I try to decipher his description, going over the long list of plants and minerals in my mind.

“Were the flowers little white ones, with long, round leaves?”

“Yes,” he says.

“Nitre bush flowers. And boothite. That’s what they’re using.” My voice is toneless as I put it together, because I suddenly understand.

“She’s going after the founding stone.”

Chapter 28

“How do you know that?” Ruskin asks, his voice heavy. He believes me, he just doesn’t understand.

I look at them all, feeling like an idiot for not thinking of it before. “I protected the stone with my magic, knowing no fae magic could undo it. But she’s not going to use magic. Thanks to Albrecht, she has access to men who can use science—my science. When you combine sodium, the mineral boothite and nitrus flowers, it makes an acid.”

“Acid?” Destan asks.

I shake my head, remembering that the fae don’t have words like this. It’s exactly why it didn’t occur to me that Evanthe would find this kind of workaround to my protections on the stone.

“It’s a liquid that dissolves,” I explain. “Something that can burn through even very strong substances. But you need the right type. Nitric acid will burn through metal, like the kind I used to protect the stone, but it won’t damage the founding stone itself.”

Ruskin’s face darkens. “How long would it take to make this acid?”

“If they have the ingredients? Not long at all. They’d just have to get the quantities right.”

“But your mother would still need you to make the founding stone crown her High Queen, wouldn’t she?” Destan mutters to Ruskin. “I thought that’s why she went after you in the first place.”

“She needed Ruskin because the stone rejected her without her being named heir. But it was only just managing to resist her even then,” I say. “With the extra power of Interra behind her…”

Ruskin finishes my sentence. “She might not need me to pass its trials anymore. She’s probably strong enough to overcome them alone.”

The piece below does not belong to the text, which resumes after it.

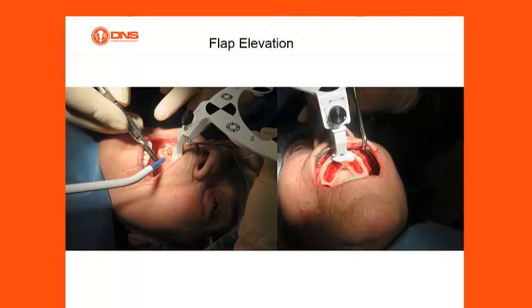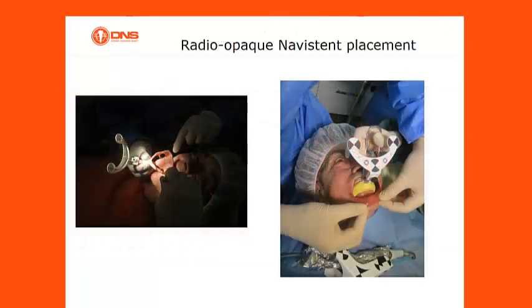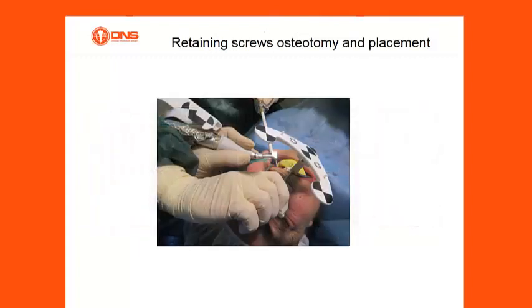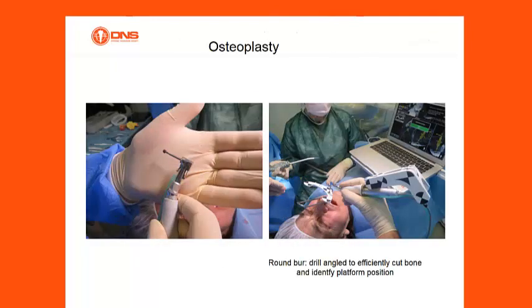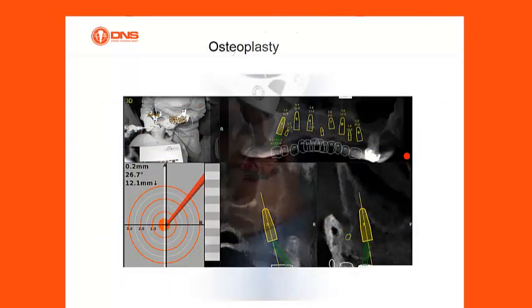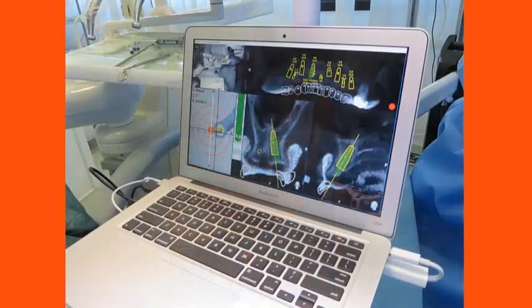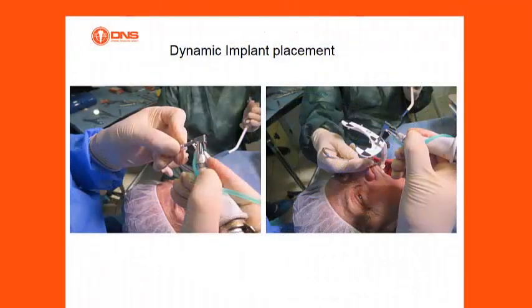Continuing the clinical protocol: flap elevation is performed, followed by radiopaque Navistent placement. Retaining screws are inserted, osteotomy is carried out, and implant placement follows. Osteoplasty is then performed as planned. The sequence concludes with dynamic implant placement guided by the Navident system.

I glance over at Gawain, who looks lost and weary, as if he’s tired of being out of his depth, and wants to stop fighting the undercurrent.

“Is that all, Your Highness?” General Sunshard asks, and I realize she’s addressing Gawain. He seems to jump at the warrior speaking to him. “Is there anything else we should know about the alliance between your father and the fae queen? Why he needs so much cold iron, for instance?”

Just like her daughter, General Sunshard clearly has her mind on all possible threats. That amount of weaponry is certainly something to worry about, and yet I’d almost forgotten all about it in the wake of the founding stone news.